First published in January 1991, Unicode "provides a unique number for every character, no matter what the platform, no matter what the program, no matter what the language" (excerpt from the website). This double-byte platform-independent encoding provides a basis for the processing, storage and interchange of text data in any language. Unicode is maintained by the Unicode Consortium, with its variants UTF-8, UTF-16 and UTF-32 (UTF: Unicode Transformation Format), and is a component of the specifications of the World Wide Web Consortium (W3C). Unicode has replaced ASCII for text files on Windows platforms since 1998. Unicode surpassed ASCII on the internet in December 2007.
1994 > TRAVLANG, TRAVEL AND LANGUAGES
[Summary] Travlang was the first website to offer links to free basic translation dictionaries, intended for travelers and the general public. As a first step, Michael C. Martin created in 1994 a “Foreign Languages for Travelers” section on his university website when he was a physics student in New York. One year later, he launched Travlang, a site that quickly became a major portal for travel and languages, and won a best travel site award in 1997. Travlang was still maintained in 1998 by Michel C. Martin, now an researcher in experimental physics at the Lawrence Berkeley National Laboratory in California. The section “Translating Dictionaries” gave access to free basic online dictionaries in a number of languages (Afrikaans, Czech, Danish, Dutch, Esperanto, Finnish, French, Frisian, German, Hungarian, Italian, Latin, Norwegian, Portuguese, Spanish, Swedish). Other sections offered links to language dictionaries, translation services and language schools.
***
Travlang was the first website to offer links to free basic translation dictionaries, intended for travelers and the general public.

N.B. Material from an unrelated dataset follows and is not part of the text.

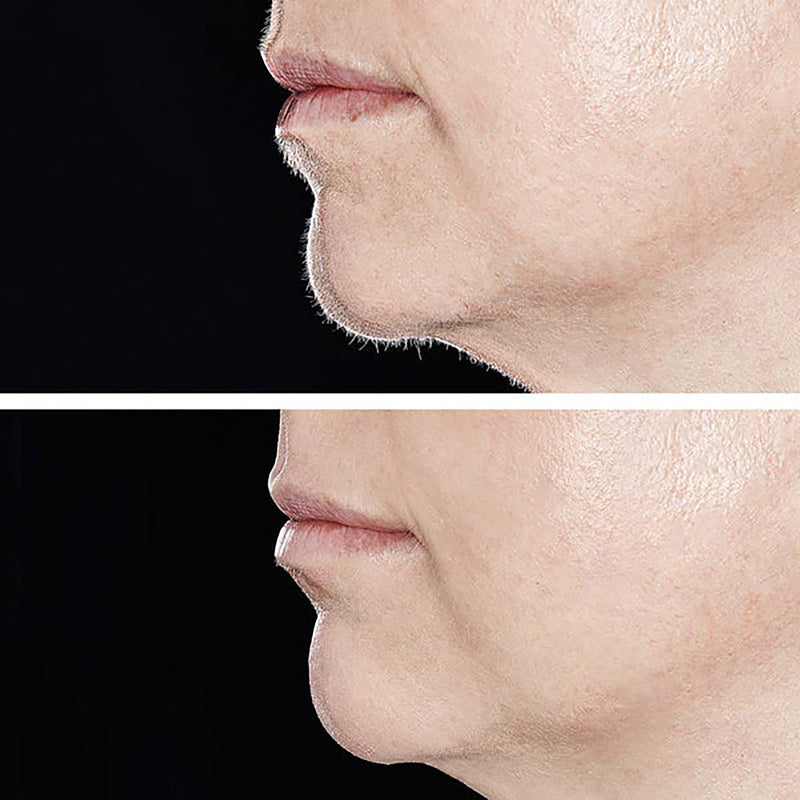 Before and after on Chin 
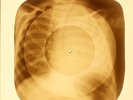 X-RAY USSR ROENTGEN CHILD BONES RECORD ORIGINAL OLD RIBS 837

As a first step, Michael C. Martin created in 1994 a “Foreign Languages for Travelers” section on his university website when he was a physics student in New York. One year later, he launched Travlang, a site that quickly became a major portal for travel and languages, and won a best travel site award in 1997.
Travlang was still maintained in 1998 by Michel C. Martin, now an researcher in experimental physics at the Lawrence Berkeley National Laboratory in California.
The section “Foreign Languages for Travelers” gave links to online tools to learn 60 languages. The section “Translating Dictionaries” gave access to free basic online dictionaries in a number of languages (Afrikaans, Czech, Danish, Dutch, Esperanto, Finnish, French, Frisian, German, Hungarian, Italian, Latin, Norwegian, Portuguese, Spanish, Swedish). Other sections offered links to translation services, language schools and multilingual bookstores. People could also book their hotel, car or plane ticket, look up exchange rates and browse an index of 7,000 links to other language and travel sites.